═════ The data

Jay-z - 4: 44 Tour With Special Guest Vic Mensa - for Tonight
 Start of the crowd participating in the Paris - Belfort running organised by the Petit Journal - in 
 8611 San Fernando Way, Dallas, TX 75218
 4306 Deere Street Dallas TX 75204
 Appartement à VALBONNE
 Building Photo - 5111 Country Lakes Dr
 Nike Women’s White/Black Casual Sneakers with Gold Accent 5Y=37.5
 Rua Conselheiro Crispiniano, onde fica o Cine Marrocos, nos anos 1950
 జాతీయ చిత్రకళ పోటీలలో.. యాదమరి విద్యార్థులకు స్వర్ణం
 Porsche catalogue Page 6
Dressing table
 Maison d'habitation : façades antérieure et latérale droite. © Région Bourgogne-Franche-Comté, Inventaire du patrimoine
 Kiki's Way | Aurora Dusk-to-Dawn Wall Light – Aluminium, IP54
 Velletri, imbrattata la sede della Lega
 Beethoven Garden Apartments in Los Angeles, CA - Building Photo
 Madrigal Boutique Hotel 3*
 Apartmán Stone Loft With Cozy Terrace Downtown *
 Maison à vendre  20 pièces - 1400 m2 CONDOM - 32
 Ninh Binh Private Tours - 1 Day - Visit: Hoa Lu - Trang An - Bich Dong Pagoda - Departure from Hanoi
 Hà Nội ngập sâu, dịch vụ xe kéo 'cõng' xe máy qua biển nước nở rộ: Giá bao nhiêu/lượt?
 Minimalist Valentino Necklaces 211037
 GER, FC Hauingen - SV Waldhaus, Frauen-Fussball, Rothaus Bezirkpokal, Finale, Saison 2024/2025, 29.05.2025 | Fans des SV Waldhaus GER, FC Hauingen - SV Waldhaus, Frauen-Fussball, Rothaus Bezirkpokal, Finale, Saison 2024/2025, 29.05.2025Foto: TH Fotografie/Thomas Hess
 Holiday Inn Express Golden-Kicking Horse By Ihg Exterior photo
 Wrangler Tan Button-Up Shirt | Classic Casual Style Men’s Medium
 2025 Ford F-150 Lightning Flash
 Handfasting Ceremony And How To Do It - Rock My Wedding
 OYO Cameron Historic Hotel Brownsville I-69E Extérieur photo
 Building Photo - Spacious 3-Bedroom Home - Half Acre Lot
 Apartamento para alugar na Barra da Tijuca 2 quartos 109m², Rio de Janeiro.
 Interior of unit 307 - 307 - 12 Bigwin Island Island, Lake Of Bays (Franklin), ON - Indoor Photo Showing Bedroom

══════════

In the data, count the lines that include the string "Dallas", then give that number and nothing more.

2